Amaç; yönetilenlerin, yöneticilerin baskısına maruz kalmadığı,
şiddet öğelerini içermeyen, başkalarının hak ve özgürlüklerini
yasaklamayan bir yönetim tarzının gelmesi doğrultusunda çaba
gösterilmesidir..
Teşbihte hata aranmaz ama, bu tıpkı internet teknolojisinde “servis
sağlayıcı sistemin” amaç değil araç olması gibidir..
Bir araç olan “servis sağlayıcısının” temel görevi, insanların daha
çok bilgiye ulaşmalarını sağlama “amacına” hizmet etmek değil
midir?
Servis sağlayıcısının, günümüzde en üst teknolojik gelişmenin bir
aracı olması gibi, demokrasi de en iyi yönetim biçiminin oluşumu
için bir amaç değil midir?
"Yaşasın internet sağlayıcısı" mı diyoruz; yoksa "yaşasın bilgi"
mi?
Özetle, servis sağlayıcısı bir araç, bilgiye ulaşmak amaçtır;
demokrasi araç, millet egemenliğinin tesisi amaçtır..
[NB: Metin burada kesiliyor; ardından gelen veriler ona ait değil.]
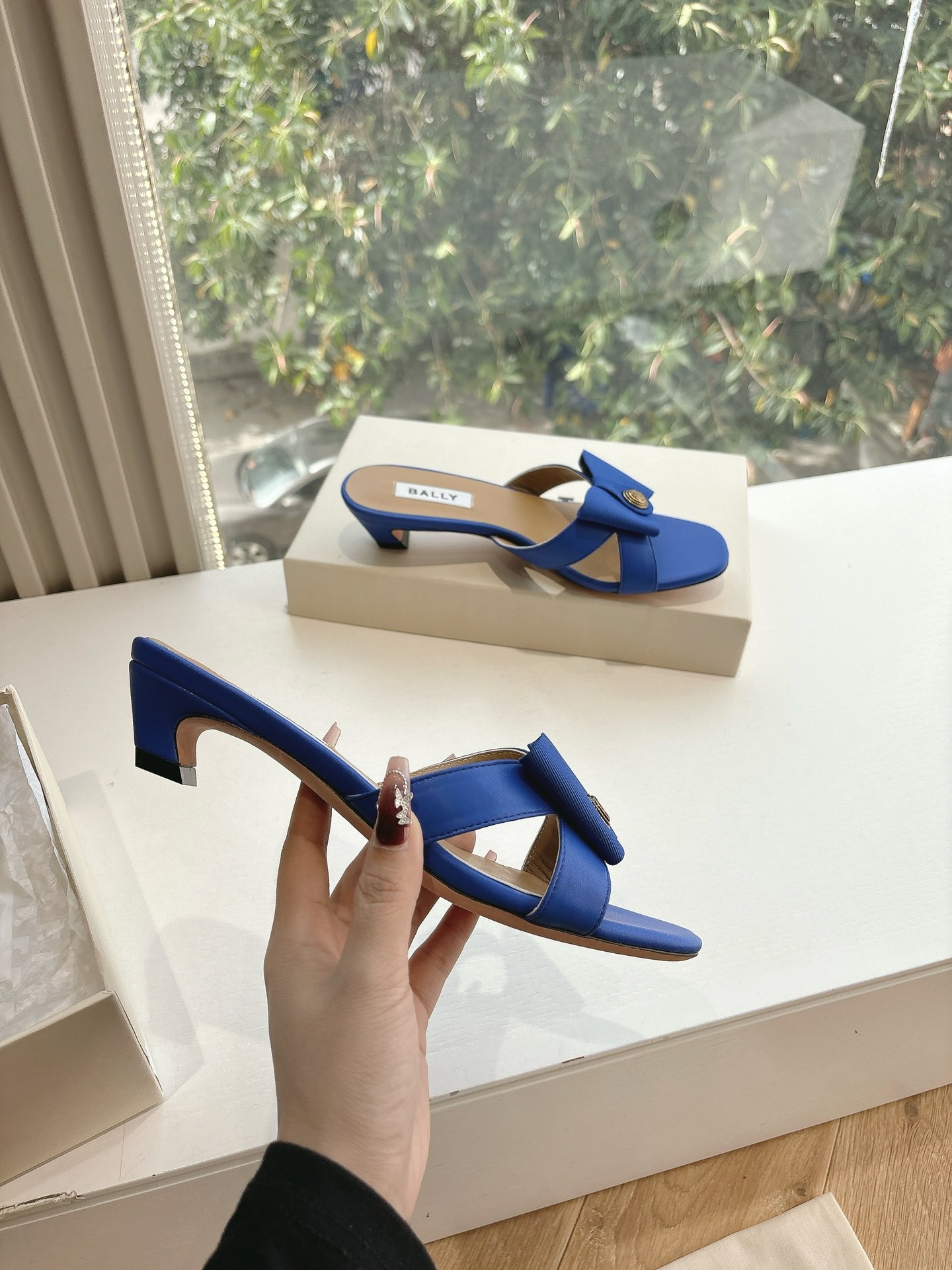 9e1889fce4e686f799563cf1ef516641_1746570574_6865.jpg 9e1889fce4e686f799563cf1ef516641_1746570574_6865_1746570657.jpg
Ama bu cümleden çıkaracağınız "amaç", "bunlar şeriat devleti
getirecekler" şeklinde ise, paranoya tedavi merkezlerinin
"amacının" ne olduğunu bir tıp doktoruna sormalarında yarar
görüyorum!
Laiklik ilkesi nasıl ki tüm inanç gruplarının hatta inancı
bulanmayanların da temel haklarının bir güvencesi ise; hukuk
devleti nasıl ki yöneticilerin de yönetilenler gibi yargılamanın
bir muhatabı olmasının bir zemini ise; demokrasi de milletin hür
iradesinin egemen olmasının bir tezahürü değil midir?
Örneğin hukuk devletinde “dokunulmazlık” (kürsü
masuniyeti-dokunulmazlığı hariç) gibi bir zırh olabilir mi?
Düşününüz ki, bir Başbakan kalkıp şeriatı getirecek, bu mümkün
müdür?
Dolayısıyla din devleti esasına dayalı sistemi getirecek olan
sistem, demokrasi değil; din devleti esasının gelmesini
engelleyecek olan sistem, demokrasidir..
Demek oluyor ki, demokrasi araçtır..
Evet konumuz sayın Sezer’in yönetim anlayışını yazmak olduğu için
tekrar dönersek; Süleyman Demirel ve Bülent Ecevit’e duyulan
öfkenin, Ahmet Necdet Sezer’in pasif yönetim anlayışını
gölgelemesi, mevcut Cumhurbaşkanımızın en büyük şansıdır..
Sayın Sezer’e övgü dolu satırların yazılacağı günlerin gelmesini
umut ediyorum..
Ancak, o zaman dahi bu köşede “yağ” kokusu görmeyeceksiniz..
Biliyorsunuz, arabanın motoruna fazla yağ konulması yağ basıncını
artıracağından ve bu da motora zarar vereceğinden, araç
sahiplerinin araçlarını “etkili yerlere servis” yapanlara değil,
“yetkili servislere” götürmelerinde yarar var!